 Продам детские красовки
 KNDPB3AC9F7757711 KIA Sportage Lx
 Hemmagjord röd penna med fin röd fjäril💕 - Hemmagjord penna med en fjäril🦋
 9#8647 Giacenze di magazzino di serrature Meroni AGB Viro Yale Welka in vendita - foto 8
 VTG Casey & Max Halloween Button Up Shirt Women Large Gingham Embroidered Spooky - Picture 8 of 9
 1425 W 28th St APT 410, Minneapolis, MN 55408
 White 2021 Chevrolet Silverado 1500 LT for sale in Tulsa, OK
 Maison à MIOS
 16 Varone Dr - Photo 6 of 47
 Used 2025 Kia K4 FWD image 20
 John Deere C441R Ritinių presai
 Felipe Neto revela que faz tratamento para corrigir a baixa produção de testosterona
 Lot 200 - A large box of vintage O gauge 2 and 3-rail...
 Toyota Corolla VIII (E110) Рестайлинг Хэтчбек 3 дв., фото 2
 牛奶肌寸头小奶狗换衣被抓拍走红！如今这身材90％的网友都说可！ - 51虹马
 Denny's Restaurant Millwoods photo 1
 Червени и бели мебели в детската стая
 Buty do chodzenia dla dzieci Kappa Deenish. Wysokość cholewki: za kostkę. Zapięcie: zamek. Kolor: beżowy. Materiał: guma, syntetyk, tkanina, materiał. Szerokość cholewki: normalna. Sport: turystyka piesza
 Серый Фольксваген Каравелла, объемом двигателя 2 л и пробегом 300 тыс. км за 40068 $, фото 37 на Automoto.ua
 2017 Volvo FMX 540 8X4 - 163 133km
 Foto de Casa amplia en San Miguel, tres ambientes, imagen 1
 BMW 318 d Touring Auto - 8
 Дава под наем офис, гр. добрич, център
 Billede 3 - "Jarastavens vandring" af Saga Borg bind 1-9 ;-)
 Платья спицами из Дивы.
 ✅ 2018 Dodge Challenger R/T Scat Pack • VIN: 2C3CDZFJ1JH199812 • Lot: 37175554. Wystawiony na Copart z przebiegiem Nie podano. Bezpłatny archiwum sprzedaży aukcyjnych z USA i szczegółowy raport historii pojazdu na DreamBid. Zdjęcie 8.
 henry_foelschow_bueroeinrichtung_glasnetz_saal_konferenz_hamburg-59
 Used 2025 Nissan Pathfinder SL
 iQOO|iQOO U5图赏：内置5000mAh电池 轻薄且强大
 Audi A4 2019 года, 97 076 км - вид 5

Exercise details: Exactly as they appear above, print all the entries.

Solution below:
 Продам детские красовки
 KNDPB3AC9F7757711 KIA Sportage Lx
 Hemmagjord röd penna med fin röd fjäril💕 - Hemmagjord penna med en fjäril🦋
 9#8647 Giacenze di magazzino di serrature Meroni AGB Viro Yale Welka in vendita - foto 8
 VTG Casey & Max Halloween Button Up Shirt Women Large Gingham Embroidered Spooky - Picture 8 of 9
 1425 W 28th St APT 410, Minneapolis, MN 55408
 White 2021 Chevrolet Silverado 1500 LT for sale in Tulsa, OK
 Maison à MIOS
 16 Varone Dr - Photo 6 of 47
 Used 2025 Kia K4 FWD image 20
 John Deere C441R Ritinių presai
 Felipe Neto revela que faz tratamento para corrigir a baixa produção de testosterona
 Lot 200 - A large box of vintage O gauge 2 and 3-rail...
 Toyota Corolla VIII (E110) Рестайлинг Хэтчбек 3 дв., фото 2
 牛奶肌寸头小奶狗换衣被抓拍走红！如今这身材90％的网友都说可！ - 51虹马
 Denny's Restaurant Millwoods photo 1
 Червени и бели мебели в детската стая
 Buty do chodzenia dla dzieci Kappa Deenish. Wysokość cholewki: za kostkę. Zapięcie: zamek. Kolor: beżowy. Materiał: guma, syntetyk, tkanina, materiał. Szerokość cholewki: normalna. Sport: turystyka piesza
 Серый Фольксваген Каравелла, объемом двигателя 2 л и пробегом 300 тыс. км за 40068 $, фото 37 на Automoto.ua
 2017 Volvo FMX 540 8X4 - 163 133km
 Foto de Casa amplia en San Miguel, tres ambientes, imagen 1
 BMW 318 d Touring Auto - 8
 Дава под наем офис, гр. добрич, център
 Billede 3 - "Jarastavens vandring" af Saga Borg bind 1-9 ;-)
 Платья спицами из Дивы.
 ✅ 2018 Dodge Challenger R/T Scat Pack • VIN: 2C3CDZFJ1JH199812 • Lot: 37175554. Wystawiony na Copart z przebiegiem Nie podano. Bezpłatny archiwum sprzedaży aukcyjnych z USA i szczegółowy raport historii pojazdu na DreamBid. Zdjęcie 8.
 henry_foelschow_bueroeinrichtung_glasnetz_saal_konferenz_hamburg-59
 Used 2025 Nissan Pathfinder SL
 iQOO|iQOO U5图赏：内置5000mAh电池 轻薄且强大
 Audi A4 2019 года, 97 076 км - вид 5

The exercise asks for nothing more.